Exercise goal
Give back every entry exactly; drop the pictures.

Extracted material
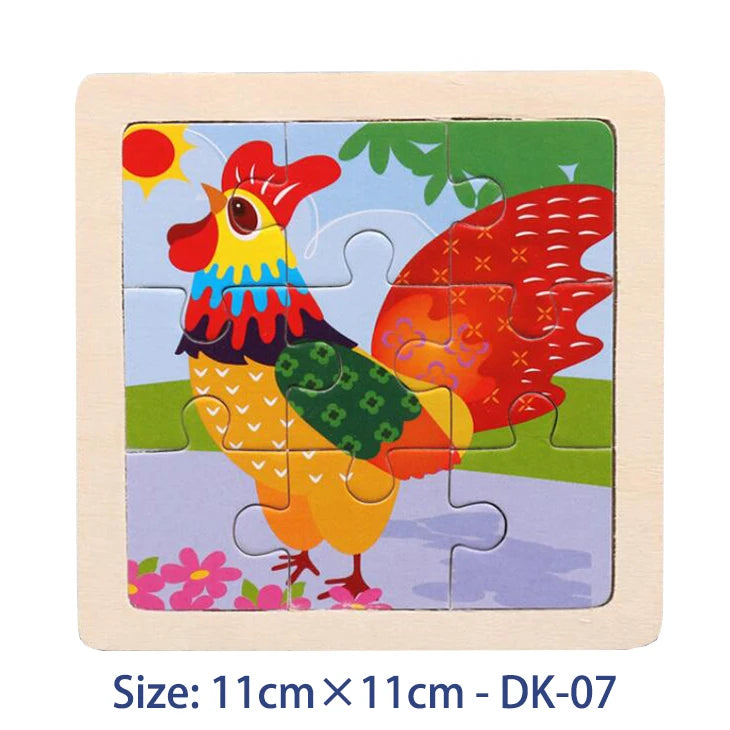 11cm/4.33in Kids Wooden Jigsaw Puzzle Games Cartoon Animal Vehicle Pattern Children Montessori Educational Toys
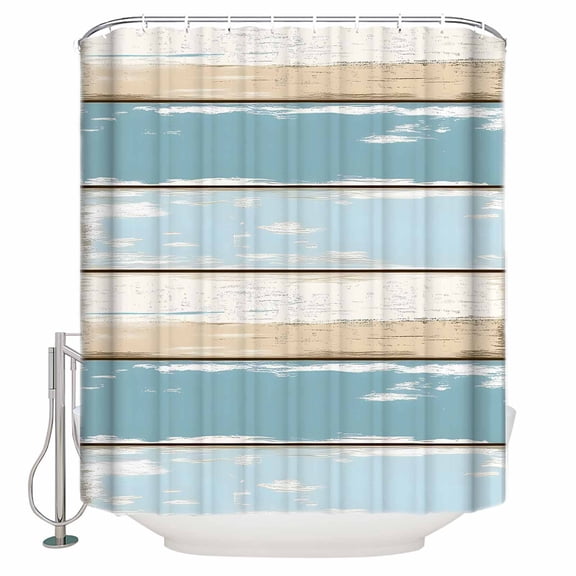 Blue Beige Wood Grain Shower Curtain, 36" x 72", Vintage Board Farmhouse Retro Waterproof Bathroom Curtain Washable Shower Curtain Set with 12 Hooks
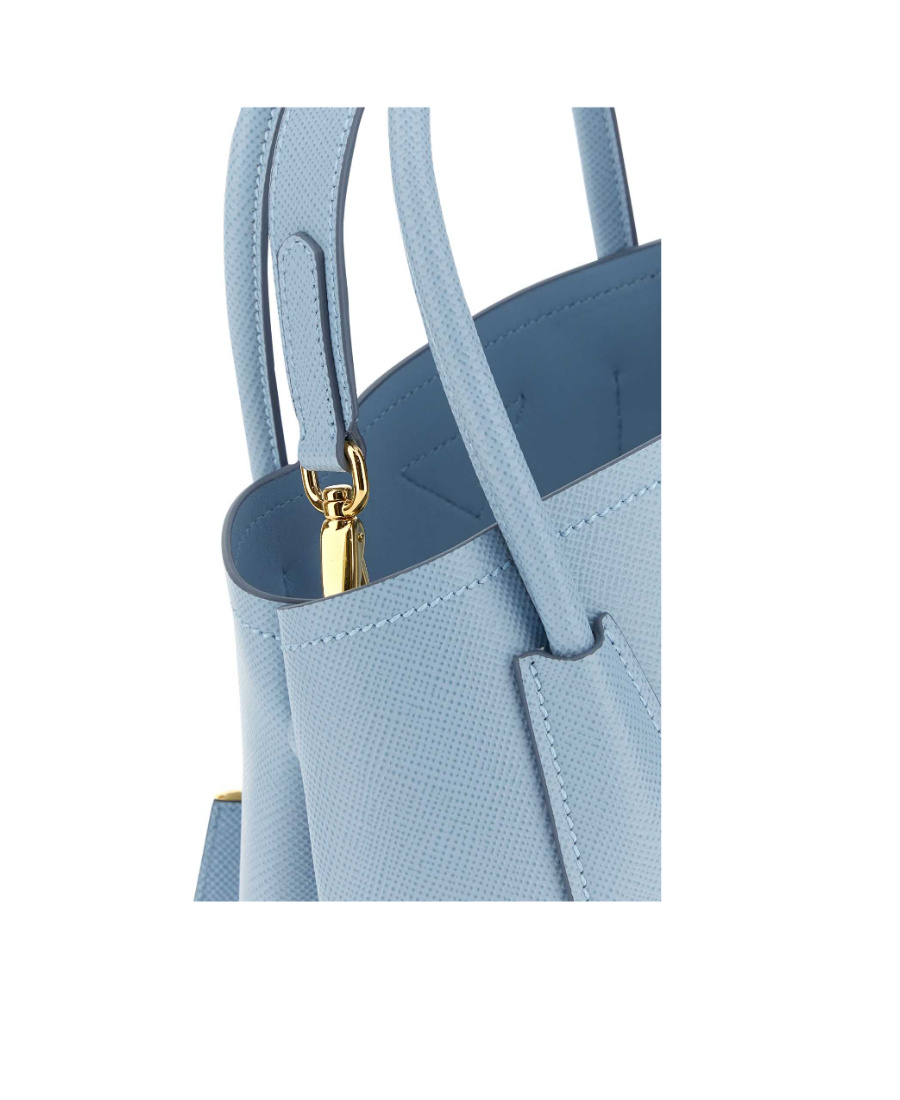 Prada Mini Double Saffiano Leather Tote Bag In Blue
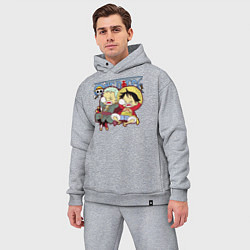 Мужской костюм оверсайз Малыши Зоро и Луффи One Piece, цвет: меланж — фото 2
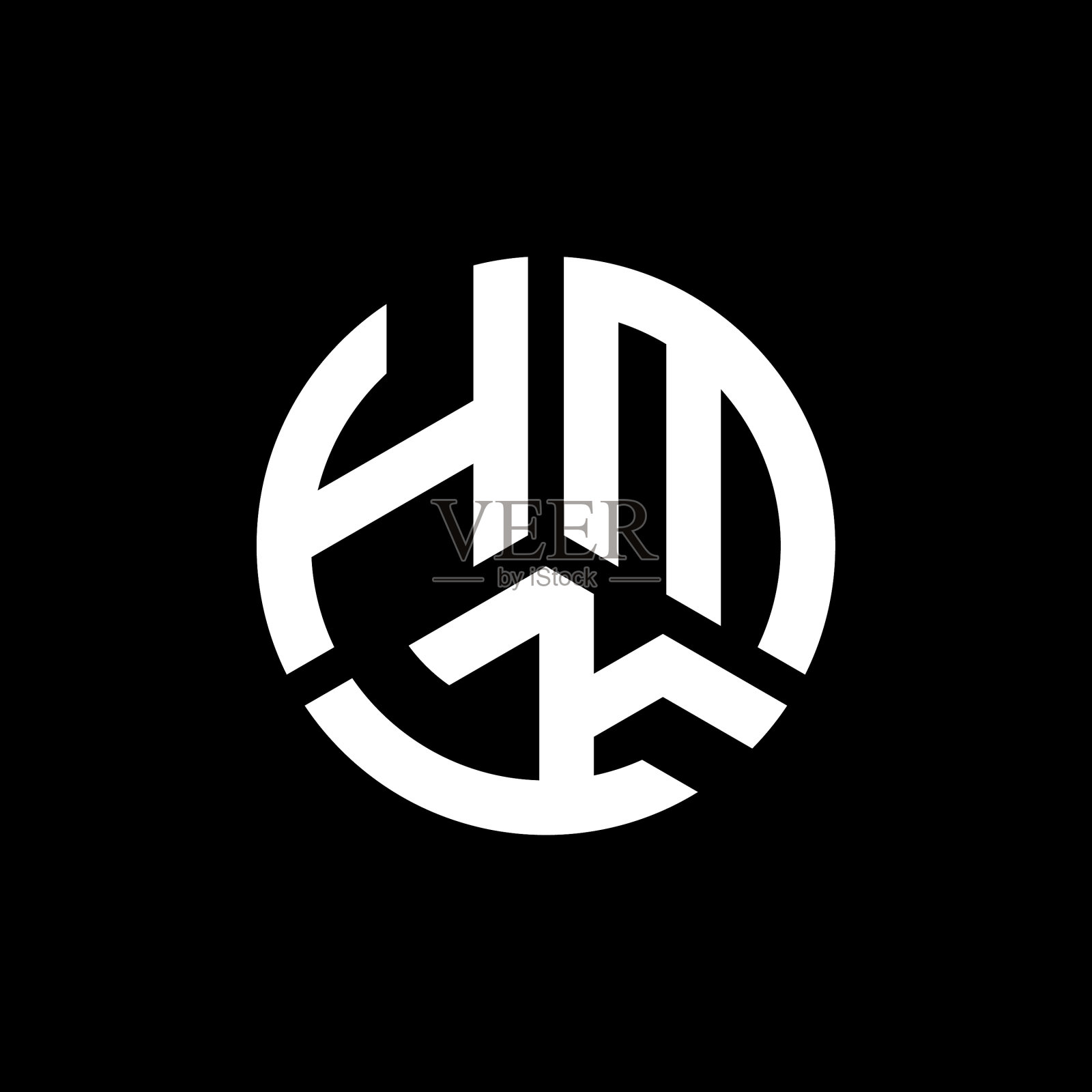 HMK字母标志设计在白色背景的HMK插画图片素材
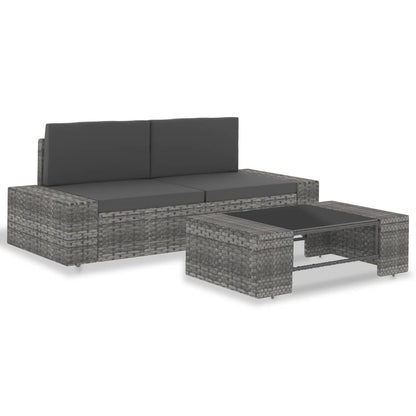 Sectional Sofa 2-Seater Poly Rattan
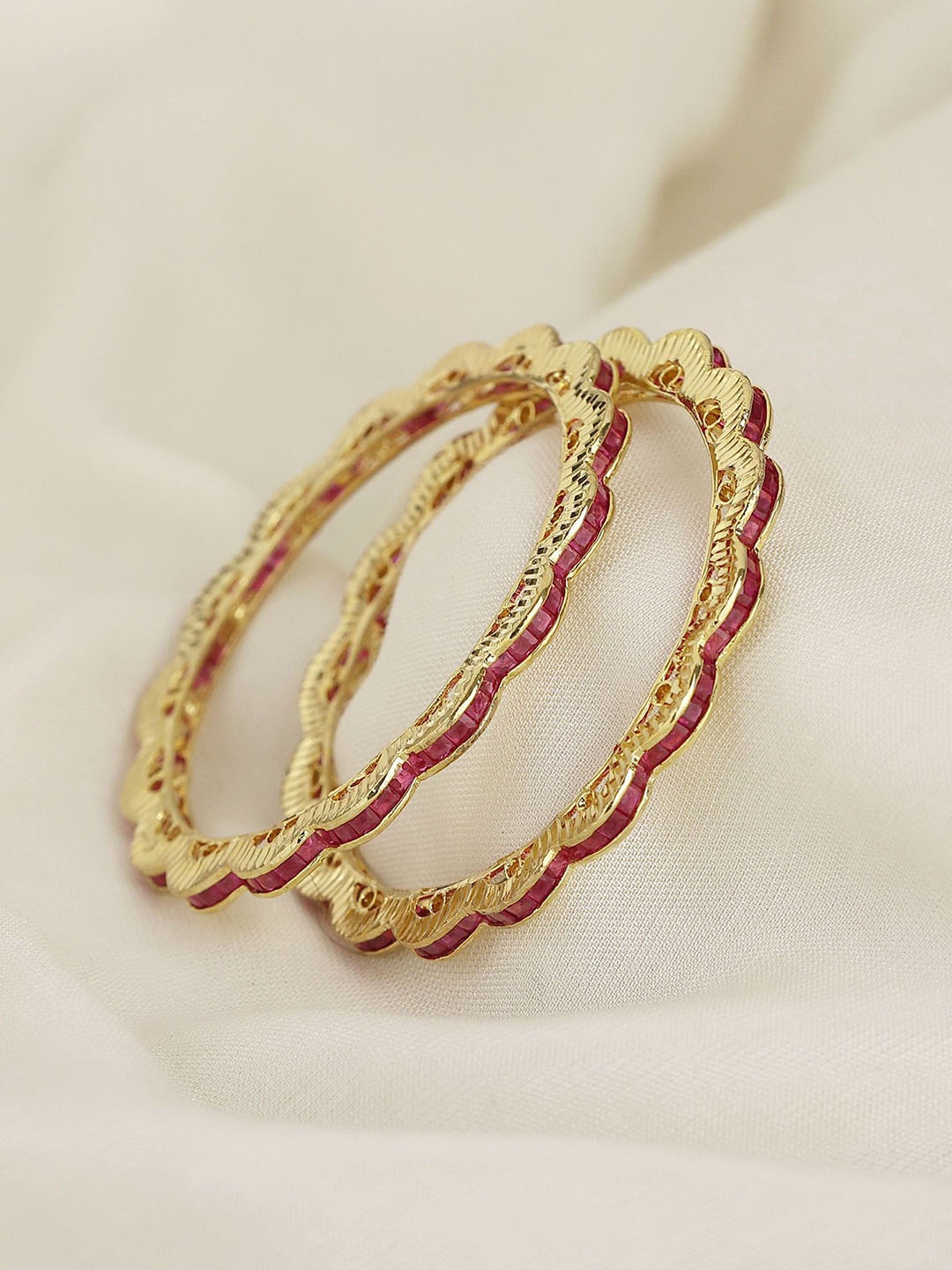 

BeAbhika Set Of 2 Gold-Plated Stone Studded Bangles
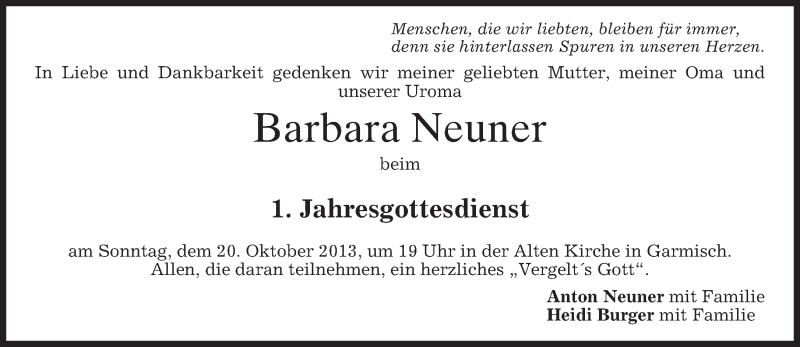  Traueranzeige für Barbara Neuner vom 19.10.2013 aus merkurtz
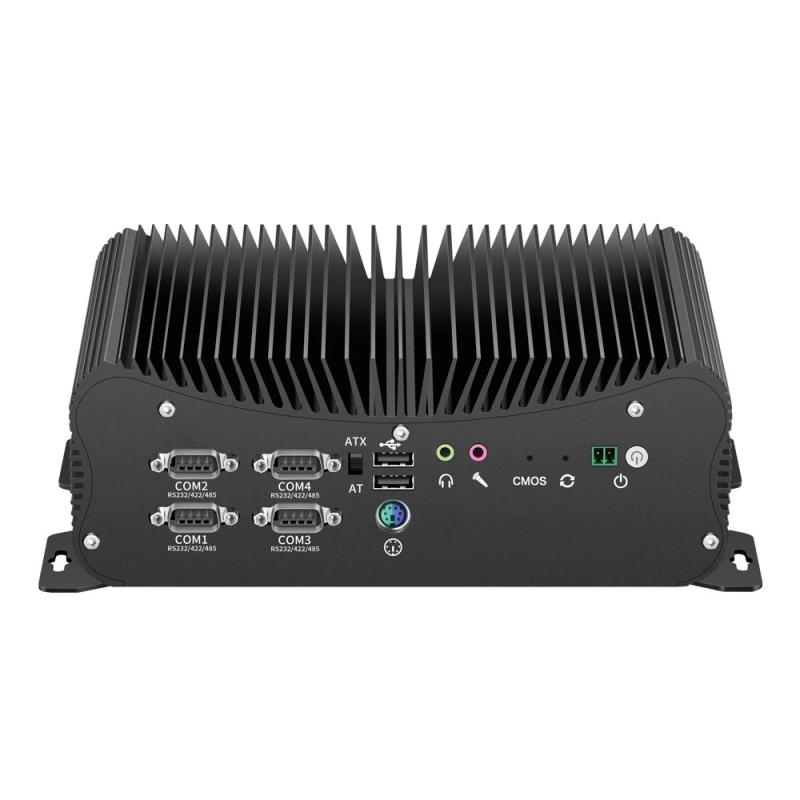 Fanless Industrial Mini PC i7-10610U 6x COM RS232 RS422 RS485 Dual Eth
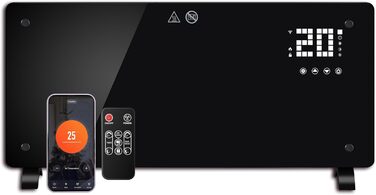 Конвектор DONYER POWER 2500W з Wi-Fi, чорний, настінний/підлоговий, таймер, пульт, 2.5 кВт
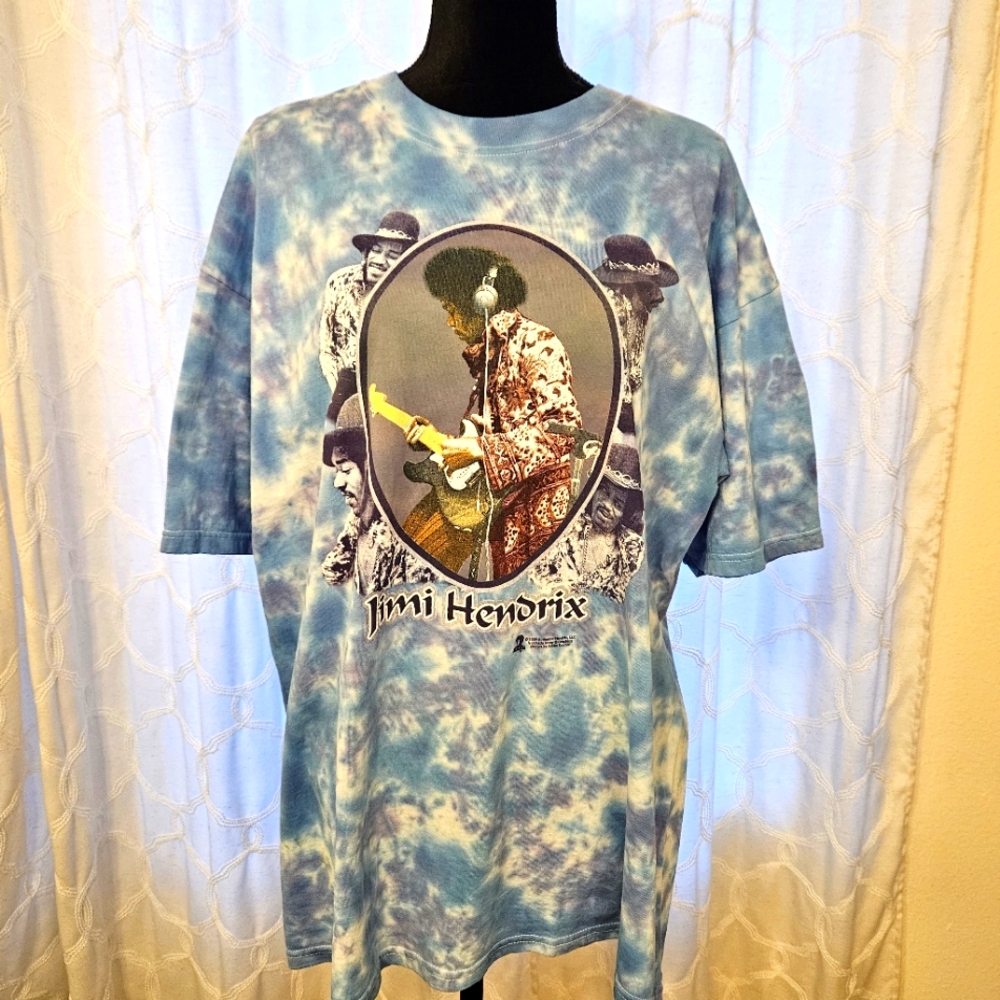 Vintage Jimi Hendrix Gypsy Eyes, Double Sided Mens T-Shirt XL, Light Blue, RARE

Solution to the exercise
 11cm/4.33in Kids Wooden Jigsaw Puzzle Games Cartoon Animal Vehicle Pattern Children Montessori Educational Toys
 Blue Beige Wood Grain Shower Curtain, 36" x 72", Vintage Board Farmhouse Retro Waterproof Bathroom Curtain Washable Shower Curtain Set with 12 Hooks
 Prada Mini Double Saffiano Leather Tote Bag In Blue
 Мужской костюм оверсайз Малыши Зоро и Луффи One Piece, цвет: меланж — фото 2
 HMK字母标志设计在白色背景的HMK插画图片素材
 Sectional Sofa 2-Seater Poly Rattan

BeAbhika Set Of 2 Gold-Plated Stone Studded Bangles
  Traueranzeige für Barbara Neuner vom 19.10.2013 aus merkurtz
 Fanless Industrial Mini PC i7-10610U 6x COM RS232 RS422 RS485 Dual Eth
 Конвектор DONYER POWER 2500W з Wi-Fi, чорний, настінний/підлоговий, таймер, пульт, 2.5 кВт
 Vintage Jimi Hendrix Gypsy Eyes, Double Sided Mens T-Shirt XL, Light Blue, RARE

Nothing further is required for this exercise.